**Work item:**
Please reproduce all entries word for word and omit their pictures.

**Data for analysis:**
════════════════════

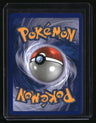 Diamond and Pearl Lucario Reverse Holo
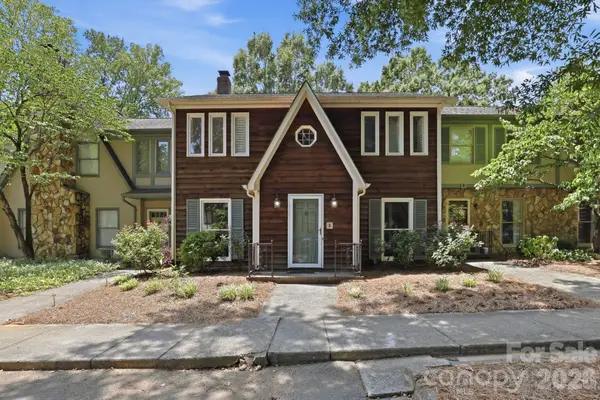 2500 Round Table Road #E, Monroe, NC 28110
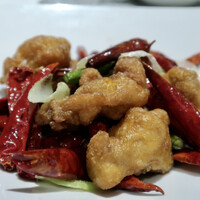 御膳房 六本木店 - 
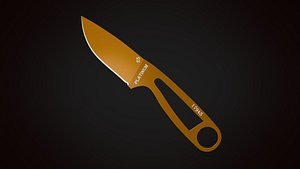 Knife 2 F model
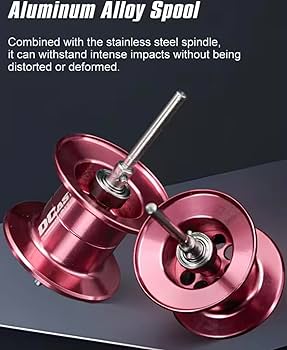 Amazon | SEASIR DCAST 中華DC ベイトリール バーサタイル 遠投 DC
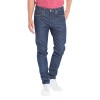 Levi's Men's 512 Slim Taper Fit Broken Raw Jeans, Blue - 裤子 - $94.95  ~ ¥636.20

════════════════════

**Problem solution:**
 Diamond and Pearl Lucario Reverse Holo
 2500 Round Table Road #E, Monroe, NC 28110
 御膳房 六本木店 - 
 Knife 2 F model
 Amazon | SEASIR DCAST 中華DC ベイトリール バーサタイル 遠投 DC
 Levi's Men's 512 Slim Taper Fit Broken Raw Jeans, Blue - 裤子 - $94.95  ~ ¥636.20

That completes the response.